3.6 End User Transfers. You agree that if your end user asks Rackspace to transfer its account to another reseller of Rackspace, Rackspace may do so, provided that the end user has paid all fees due you through the requested date of transfer. Upon receipt of a transfer request from an end user, Rackspace will notify you at least five days in advance of the requested transfer date. Rackspace will complete the transfer unless you have notified us in writing before the end of the notice period that the end user has not paid fees due you through the requested transfer date. You acknowledge and agree that your end user is the owner of their content and data hosted by Rackspace and the end user’s content and data may be transferred as part of the transfer of their account.
In addition to the other grounds for indemnification stated in the Hosting Services Agreement, if any of the Rackspace Indemnified Parties is faced with a legal claim by your end user (on any theory) you will pay the cost of defending the claim (including reasonable attorney fees) and any damages awards, fine or other amounts imposed on Rackspace as a result of the claim.
5. CONFIDENTIAL INFORMATION/INTELLECTUAL PROPERTY
You agree that the terms of this Reseller Program and this Addendum are "Confidential Information" of Rackspace as defined in the Hosting Services Agreement. We agree that we do not acquire any interest in any information or intellectual property of your end users.

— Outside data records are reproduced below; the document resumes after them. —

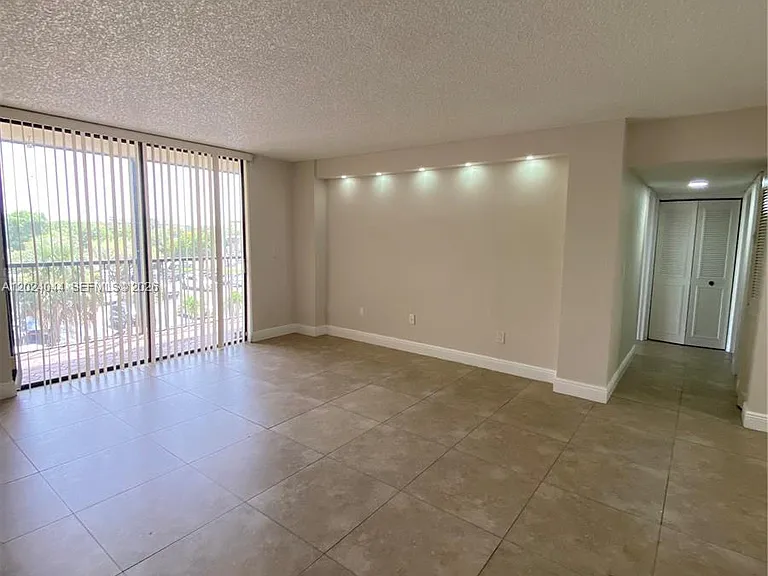 8635 NW 8th St #305 — Photo 2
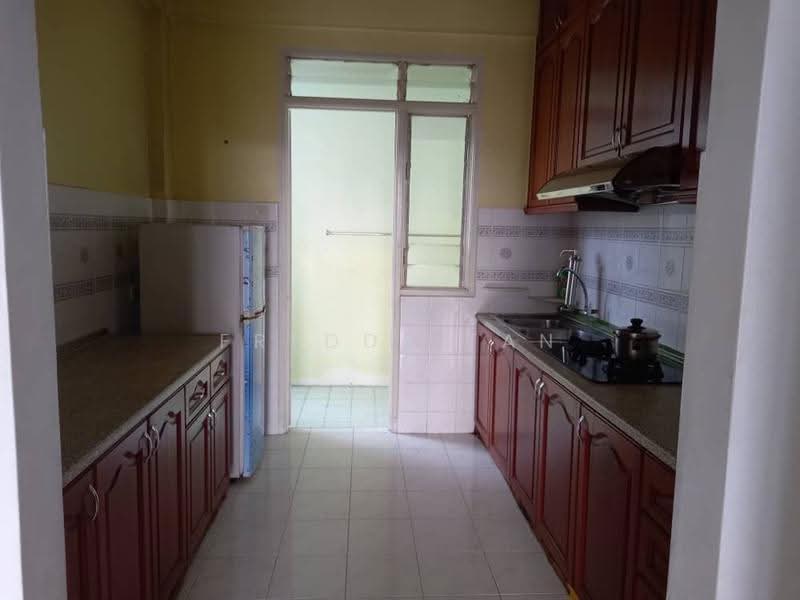 Apartment for Sale at Parkview Towers - Freddy Tan - Kitchen - PropertyGuru.com.my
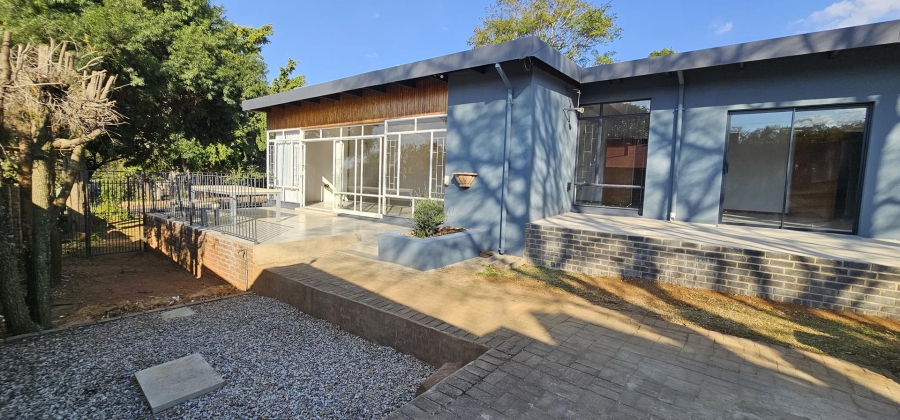 To Let 5 Bedroom Property for Rent in Waterkloof Glen Gauteng
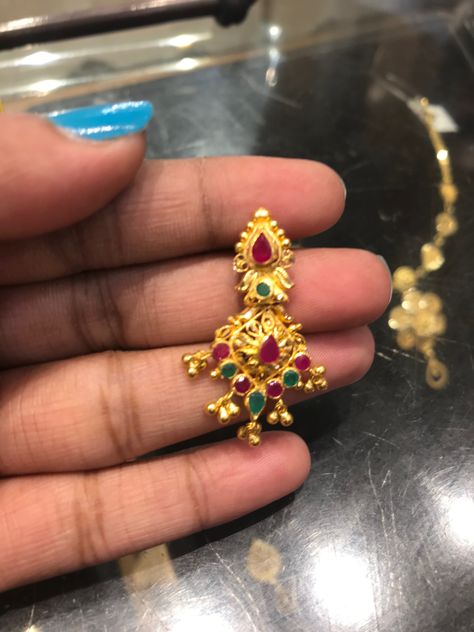 5grams Gold Earrings Designs, 5grams Gold Earrings, Kolhapuri Jewellery, Gold Buttalu, Gold Jewelry Prom, Gold Earrings For Kids, Tiny Gold Earrings, Neck Pieces Jewelry, Gold Bangles For Women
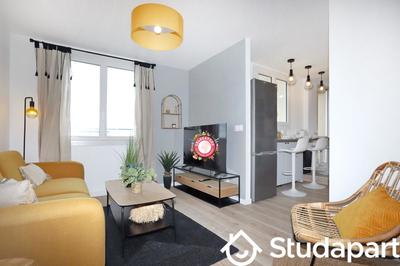 Chambre - 12 m² - 1 pièce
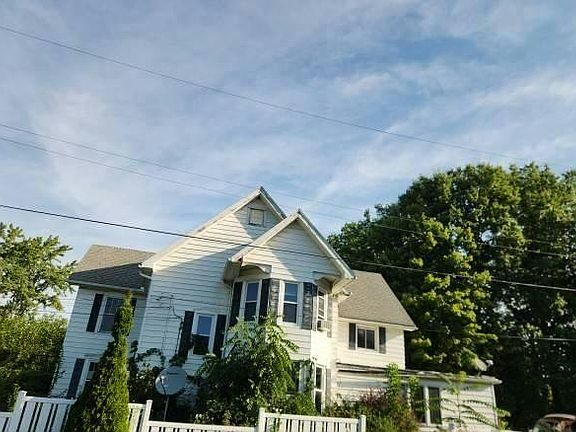 3rd image of 120 N Freedom St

6. REPRESENTATIONS AND WARRANTIES
In addition to your other representations and warranties stated in the Hosting Services Agreement, you represent and warrant to Rackspace that you have not been and are not currently the subject of any investigation or legal proceeding of any kind in relation to spamming or the violation of any consumer protection or deceptive trade practices law or regulation.

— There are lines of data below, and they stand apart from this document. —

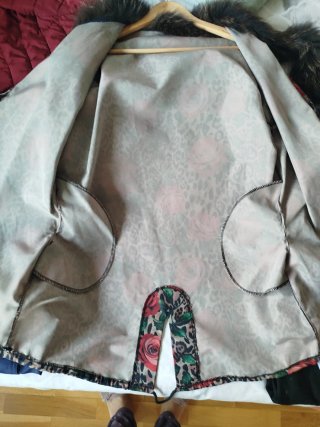 Parka leopardo rosas rojas oversize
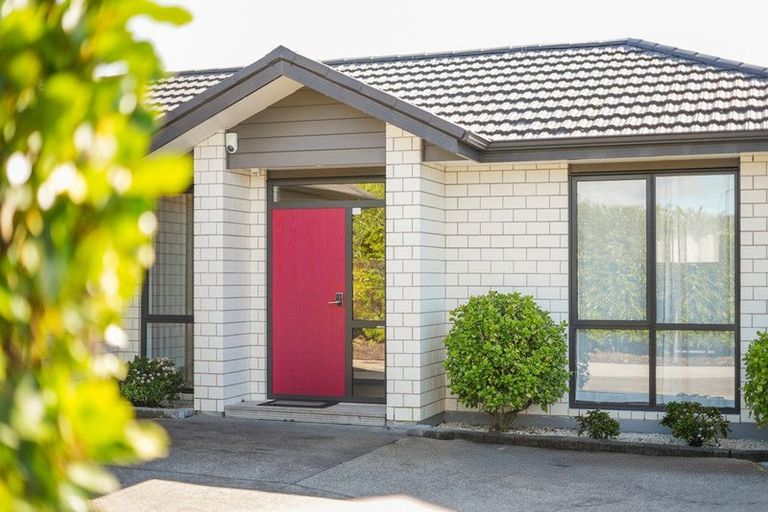 Photo of property in 2 Makaka Lane, Silverdale, 0932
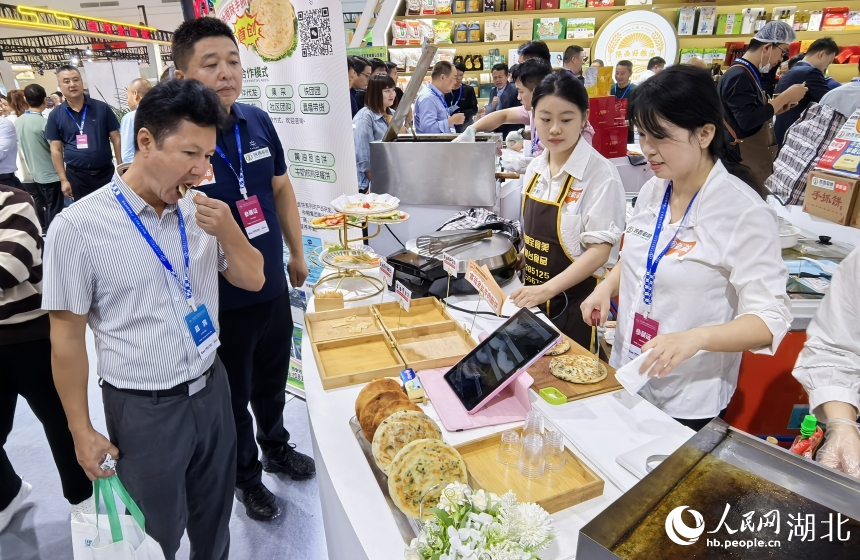 參會者品嘗來自全國的優(yōu)質(zhì)農(nóng)產(chǎn)品。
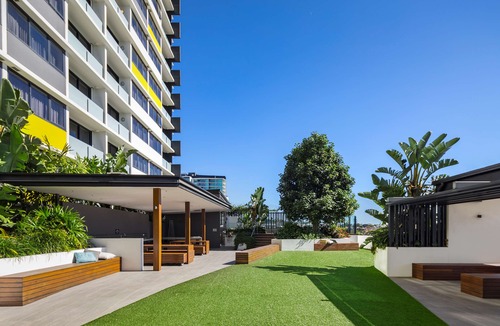 Hamilton Hotel | Alcyone Hotel Residences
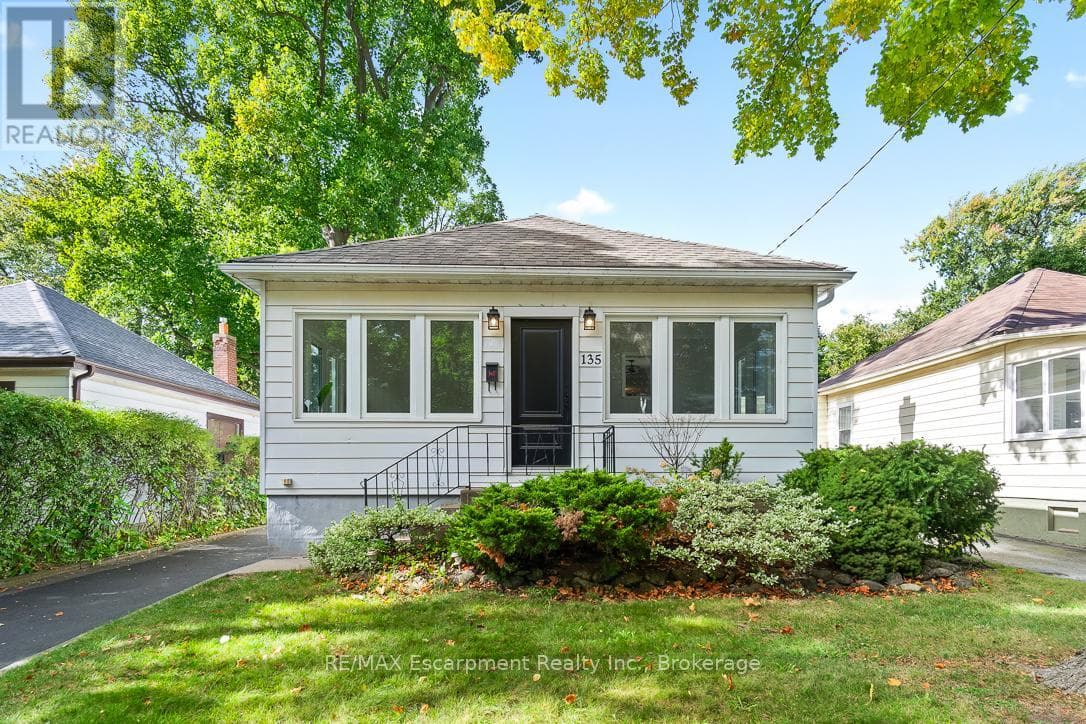 4 Bed · 2 Bath Detached House for Sale in Oakville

7. RELATIONSHIP BETWEEN THE PARTIES.
We agree that we are independent contractors and that neither of us has any fiduciary duty to the other. Neither party is the agent of the other. Neither party may represent to any person that it has the power to bind the other on any service contract or other agreement or take any action reasonably likely to lead the public to believe that it is the agent or representative of the other. The Agreement is non-exclusive. Either party may provide services of the type described herein to any person, including a competitor of the other party. Neither party agrees to provide the other with any type of exclusivity in any market segment or geographical region.
8. FINAL AGREEMENT
This Agreement is the complete and exclusive agreement between the parties regarding its subject matter and supersedes and replaces any prior agreement, understanding or communication, written or oral.